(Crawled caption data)
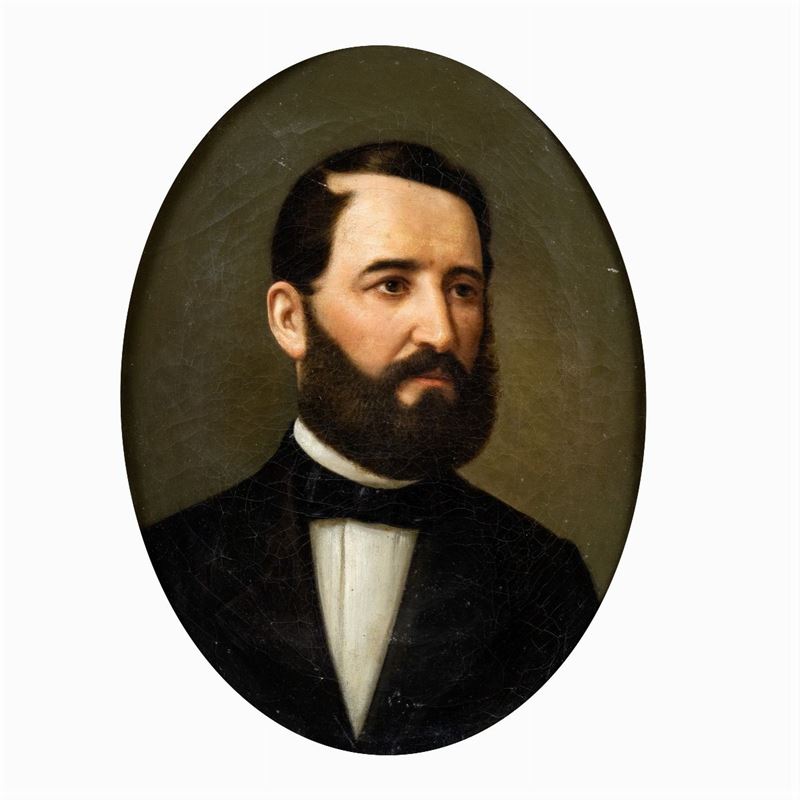 Pittore Italiano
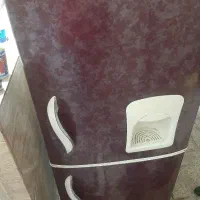 یخچال کاملا سالم|یخچال و فریزر|نسیمشهر, |دیوار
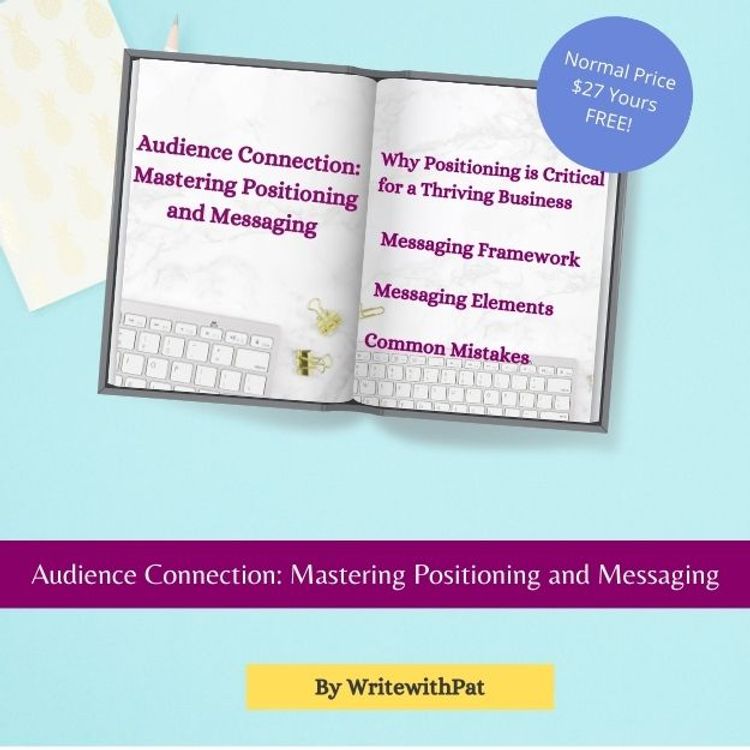 Fall in Love with Marketing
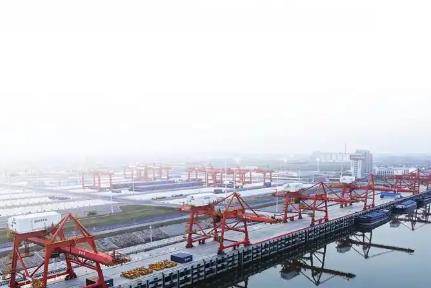 連續兩年聚焦同一主題 河南新春第一會明確發力方向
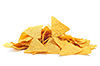 tortilla chips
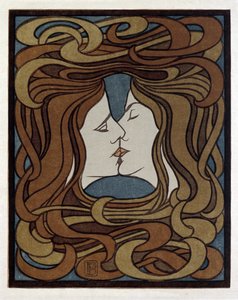 De Kus - Behrens, Peter (1868-1940)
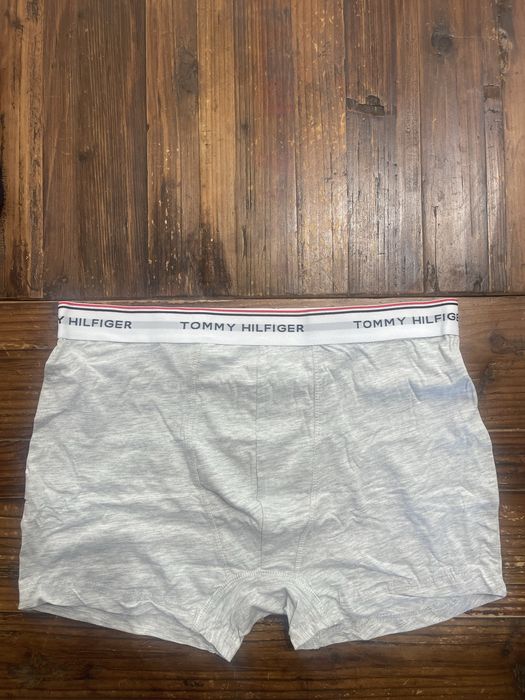 Pack de Boxers de Homem XL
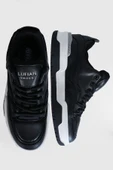 Lufian 112230194 Mark Sneaker Erkek Deri Ayakkabı - 6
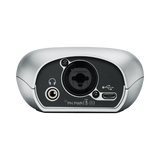Shure MOTIV MVI Single-Channel USB Audio Interface (New Packaging, Silver) — Being Shipped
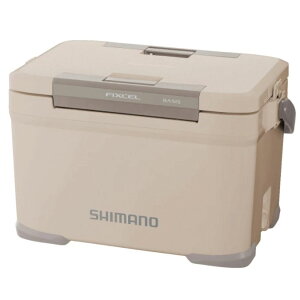 yV}m(SHIMANO)z22 NF-322V x[W tBNZ xCVX 22L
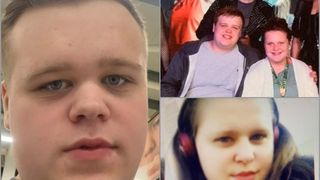 Crimă terifiantă în UK. Un tânăr de 19 ani a recunoscut că şi-a ucis sora de 15 ani într-un parc de rulote după divorțul părinților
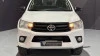 Toyota Hilux 2.4 D-4D Cabina Doble GX
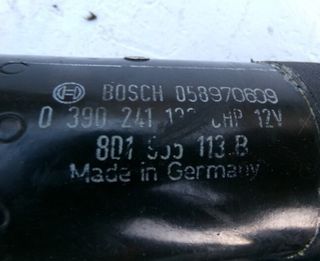 0390 241 133 motor limpia delantero audi a4 97896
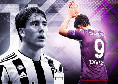 Vlahovic-Juve, Sky: intesa con la Fiorentina, operazione da 75 mln di euro!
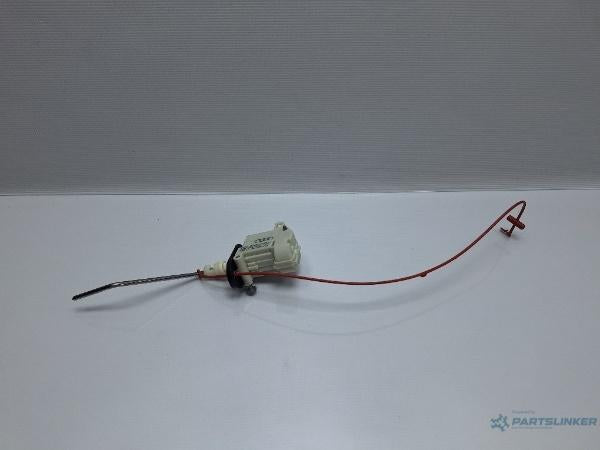 Actuator inchidere centralizata AUDI A3 II Sportback (8PA) [ 2004 - 2015 ] TDI 16V (BKD, CBAB, CFFB, CLJA) 103KW|140HP OEM 8P4862153
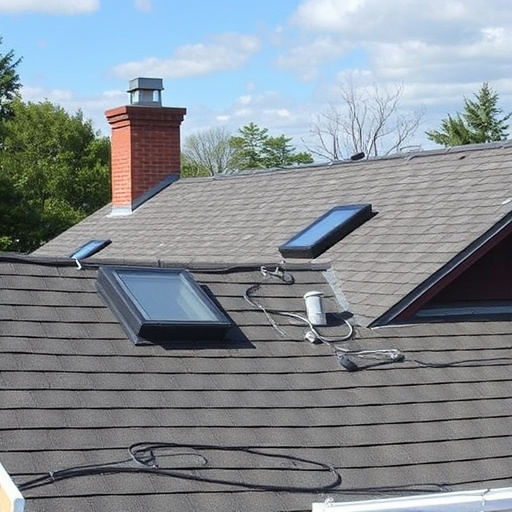 Roof Installation Process Oro Valley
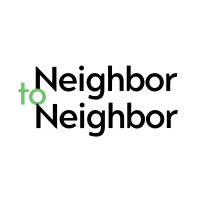 Neighbor to Neighbor logo, Neighbor to Neighbor contact details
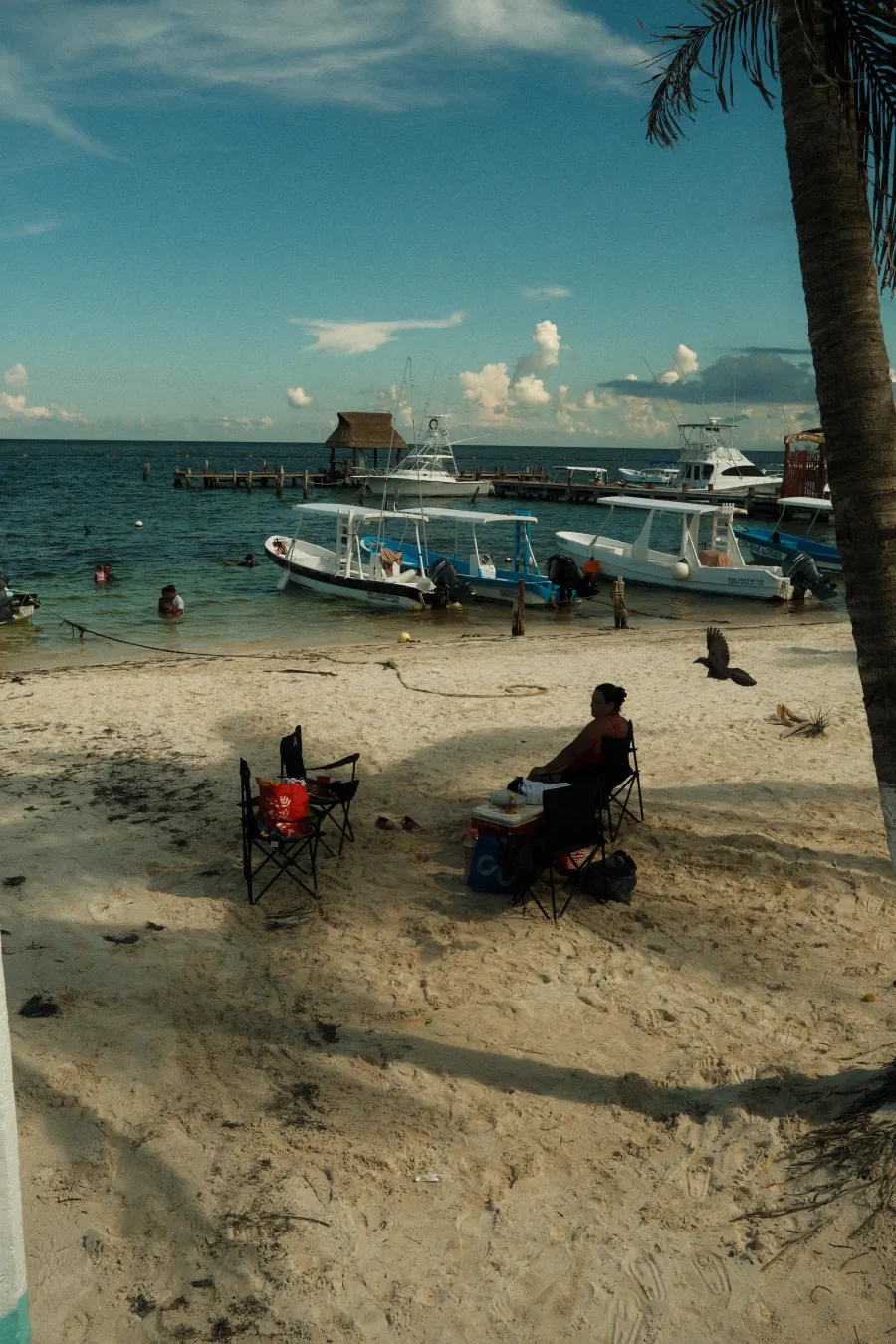 Plage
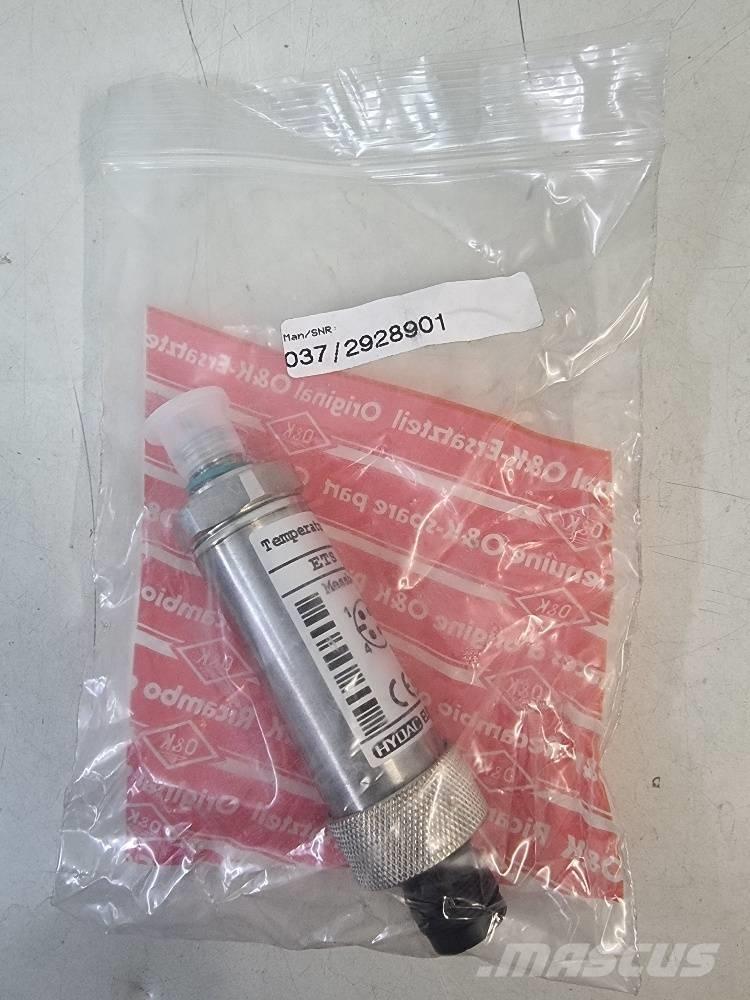 O&K RH23.5/RH25.5 2928901 Elektronik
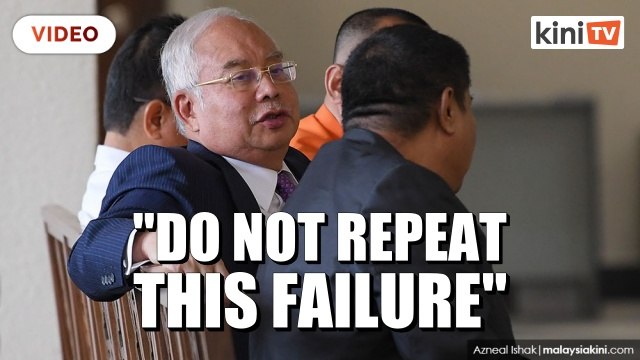 M'sia doing worse than neighbours due to emergency, half-baked lockdowns - Najib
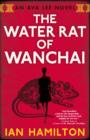 The Water Rat of Wanchai - eBook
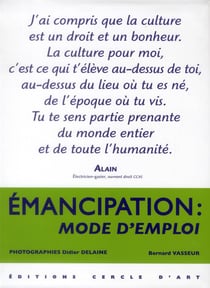 Émancipation, mode d'emploi
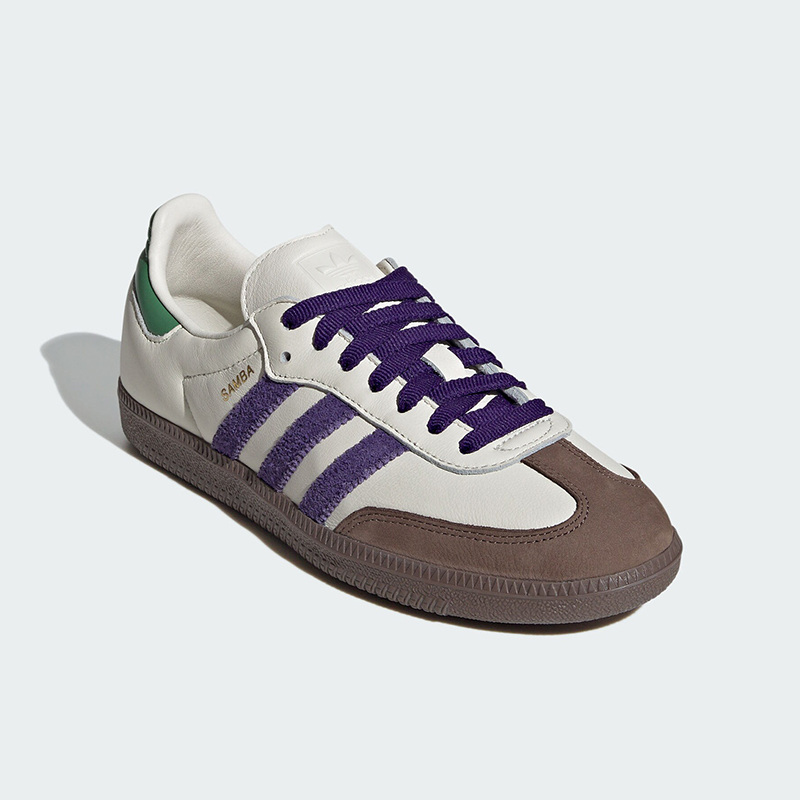 阿迪达斯女士经典运动鞋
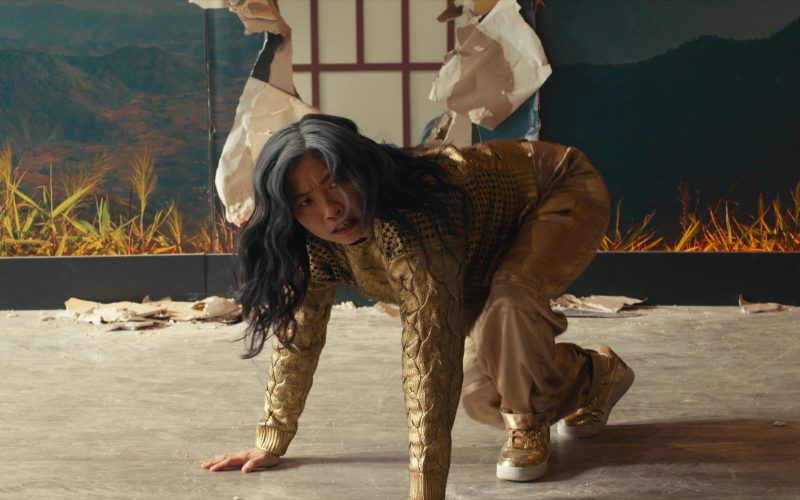 Nike Sneakers in Jackpot! (2024) (Image 1)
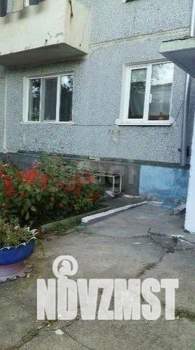 1-к квартира, вторичка, 26м2, 1/5 этаж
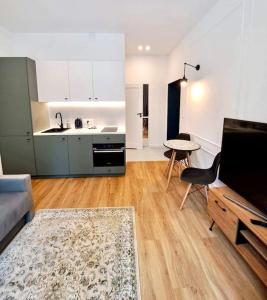 Old Ochota Prime Studio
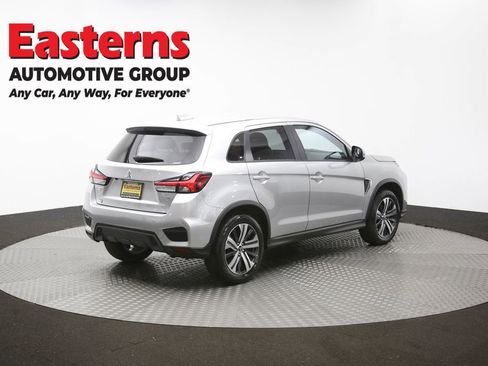 Used 2025 Mitsubishi Outlander Sport AWD image 39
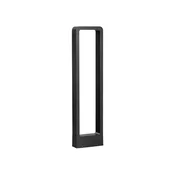 MINIMALNA STOJEČA SVETILKA ČRNE TEMPERATURE LED 7 W 220–240 V 369 lm 3000 K IP65 NL9176112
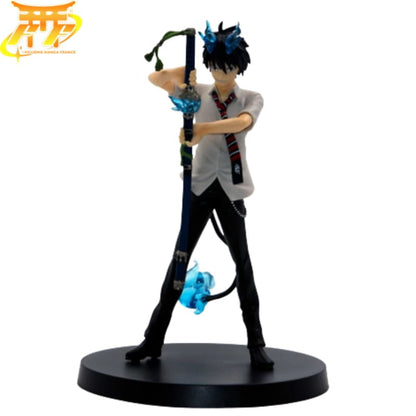 Rin Figur ”Blå lågor” – Blue Exorcist™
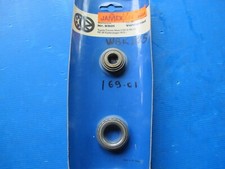 Kit de roulement de roue avant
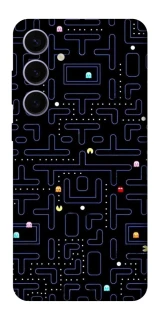Чохол на Samsung Galaxy S25+ Pacman фото 1 Чохол на Samsung Galaxy S25+ Pacman фото 1 з 1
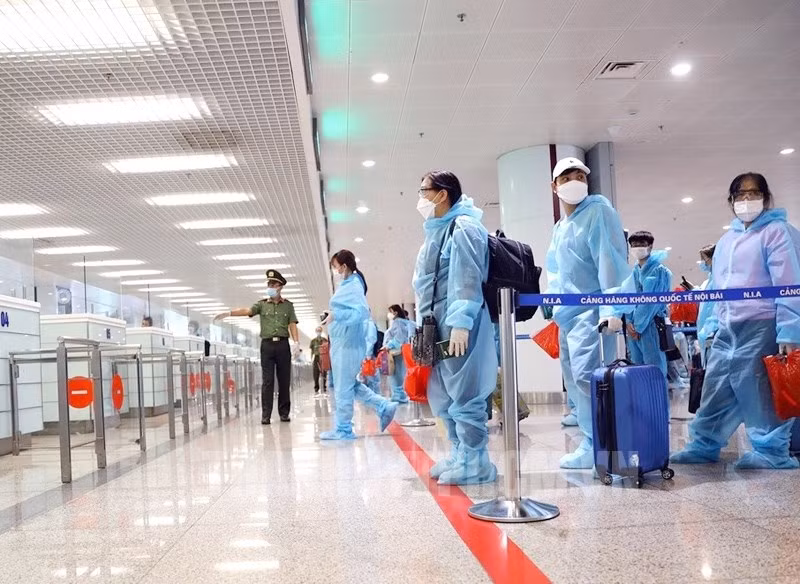 MoFA issues temporary guidelines on immigration regulations -0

WHAT THE EXERCISE ASKS:
All entries above are to be reproduced exactly, with no pictures.

ANSWER TO THE PROBLEM:
 Pittore Italiano
 یخچال کاملا سالم|یخچال و فریزر|نسیمشهر, |دیوار
 Fall in Love with Marketing
 連續兩年聚焦同一主題 河南新春第一會明確發力方向
 tortilla chips
 De Kus - Behrens, Peter (1868-1940)
 Pack de Boxers de Homem XL
 Lufian 112230194 Mark Sneaker Erkek Deri Ayakkabı - 6
Shure MOTIV MVI Single-Channel USB Audio Interface (New Packaging, Silver) — Being Shipped
 yV}m(SHIMANO)z22 NF-322V x[W tBNZ xCVX 22L
 Crimă terifiantă în UK. Un tânăr de 19 ani a recunoscut că şi-a ucis sora de 15 ani într-un parc de rulote după divorțul părinților
 Toyota Hilux 2.4 D-4D Cabina Doble GX
 0390 241 133 motor limpia delantero audi a4 97896
 Vlahovic-Juve, Sky: intesa con la Fiorentina, operazione da 75 mln di euro!
 Actuator inchidere centralizata AUDI A3 II Sportback (8PA) [ 2004 - 2015 ] TDI 16V (BKD, CBAB, CFFB, CLJA) 103KW|140HP OEM 8P4862153
 Roof Installation Process Oro Valley
 Neighbor to Neighbor logo, Neighbor to Neighbor contact details
 Plage
 O&K RH23.5/RH25.5 2928901 Elektronik
 M'sia doing worse than neighbours due to emergency, half-baked lockdowns - Najib
 The Water Rat of Wanchai - eBook
 Émancipation, mode d'emploi
 阿迪达斯女士经典运动鞋
 Nike Sneakers in Jackpot! (2024) (Image 1)
 1-к квартира, вторичка, 26м2, 1/5 этаж
 Old Ochota Prime Studio
 Used 2025 Mitsubishi Outlander Sport AWD image 39
 MINIMALNA STOJEČA SVETILKA ČRNE TEMPERATURE LED 7 W 220–240 V 369 lm 3000 K IP65 NL9176112
 Rin Figur ”Blå lågor” – Blue Exorcist™
 Kit de roulement de roue avant
Чохол на Samsung Galaxy S25+ Pacman фото 1 Чохол на Samsung Galaxy S25+ Pacman фото 1 з 1
 MoFA issues temporary guidelines on immigration regulations -0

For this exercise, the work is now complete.